The proof is easy enough to do; my favorite way is to pick $\epsilon > 0$ for a given $z \in K$ and $n$ such that $|f_n(z)| < \epsilon$ find a “delta disk” about $z$ so that for all $w$ in that disk, $|f_n(w)| < \epsilon$ also. Then cover $K$ by these open “delta disks” and then one can select a finite number of such disks, each with an associated $n$ and then let $M$ be the maximum of this finite collection of $n$.

But we used the fact that $f_n$ is continuous in our proof.

Here is what can happen if the $f_n$ in question are NOT continuous:

Let’s work on the real interval $[0,1]$. Define $g(x) = q$ if $x = \frac{p}{q}$ in lowest terms, and let $g(x) = 0$ if $x$ is irrational.

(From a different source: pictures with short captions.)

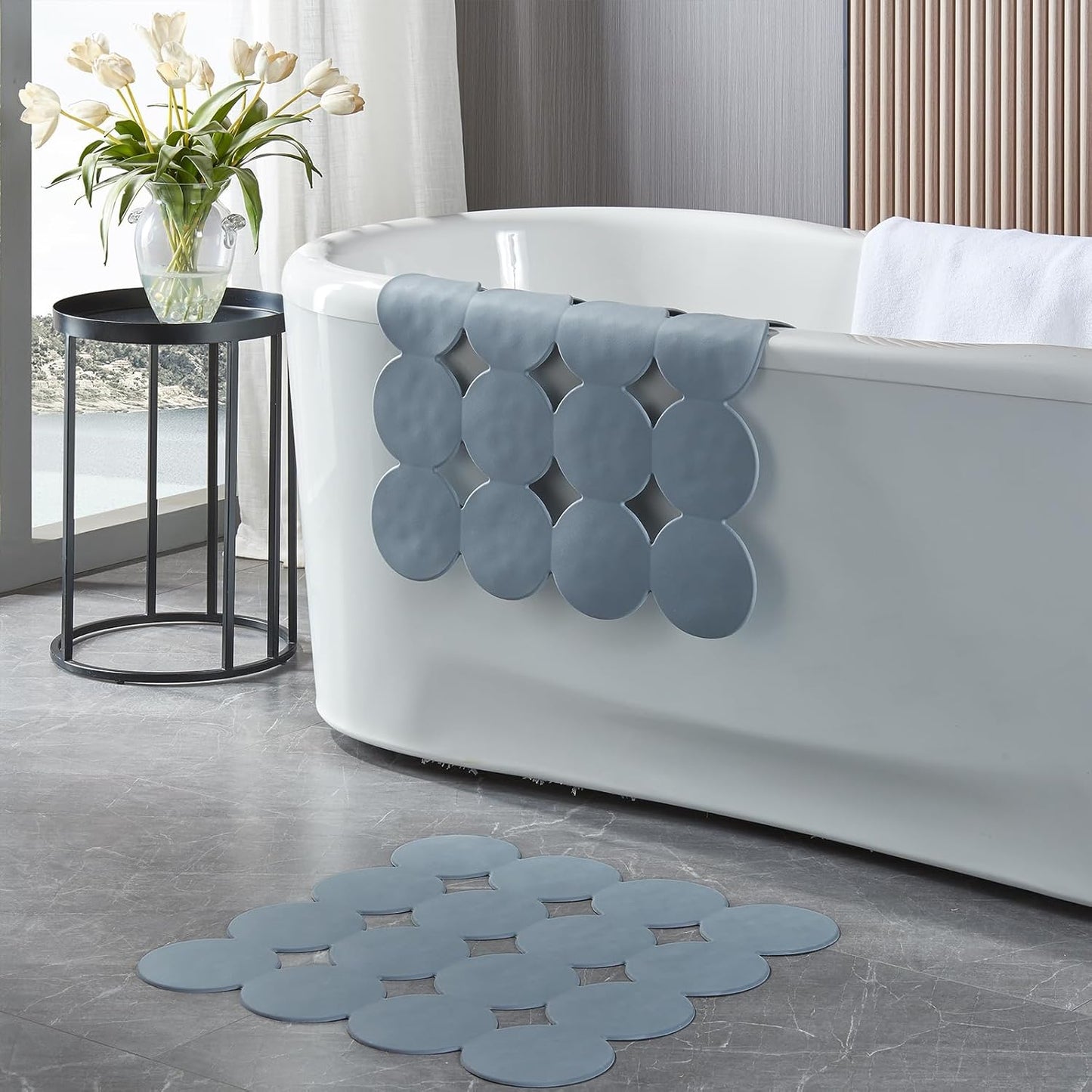 Square Shower Mat Nonslip - 2PCS Rubber Bathtub Mat with Suction Cups for Inside Shower Bathroom Floor (Grey, 21X21)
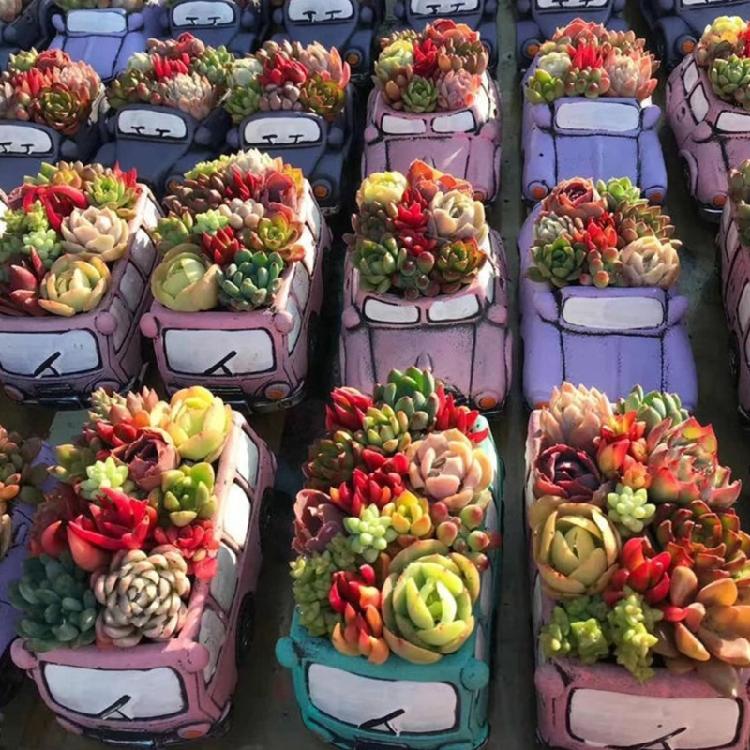 Small Motorcar Concrete Silicone Mold Succulent Flowerpot Cement Plaster Molds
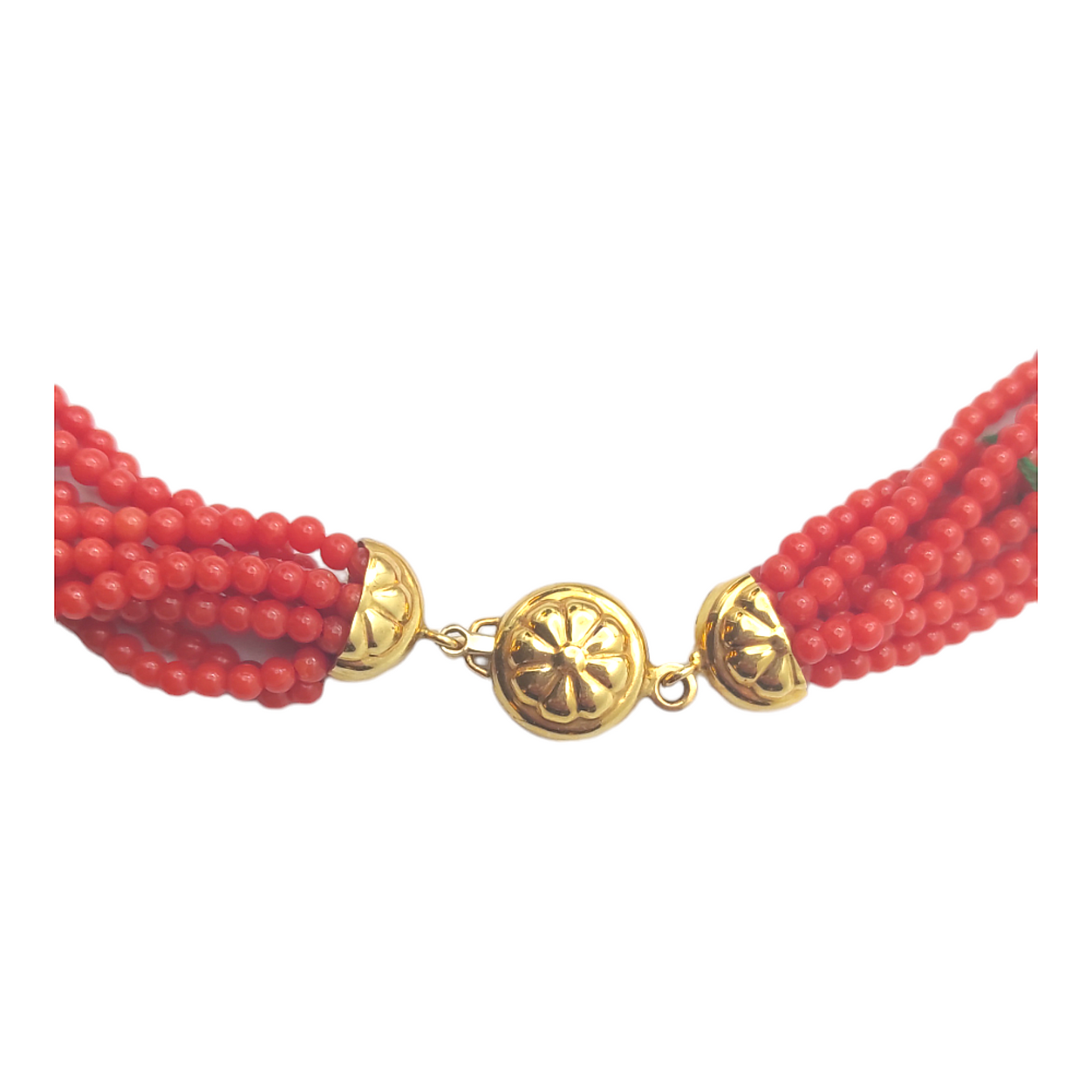 Collana Torchon In Corallo Rosso E Oro - COR003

Now let $f_n(x) = \frac{g(x)}{n}$. Clearly $f_n$ converges to 0 pointwise and the $f_n$ have the decreasing function property. Nevertheless, it is easy to see that the convergence is far from uniform; in fact for each $n, f_n$ is unbounded!

Of course, we can also come up with a sequence of bounded functions that converge to 0 pointwise but fail to converge uniformly.

For this example, choose as our domain $[0,1]$ and let $h(x) = \frac{q-1}{q}$ if $x = \frac{p}{q}$ in lowest terms, and let $h(x) = 0$ if $x$ is irrational. Now let our sequence $f_n(x) = h(x)^n$. Clearly $f_n$ converges to zero pointwise. To see that this convergence is not uniform: let $\epsilon > 0$ be given and if $(\frac{q-1}{q})^n < \epsilon, n > \frac{ln(\epsilon)}{ln(\frac{q-1}{q})}$ and the right hand side of the inequality varies with $q$ and is, in fact, unbounded. Given a fixed $n$ and $\epsilon$ one can always find a $q$ to exceed the fixed $n$. Hence $n$ varies with $q$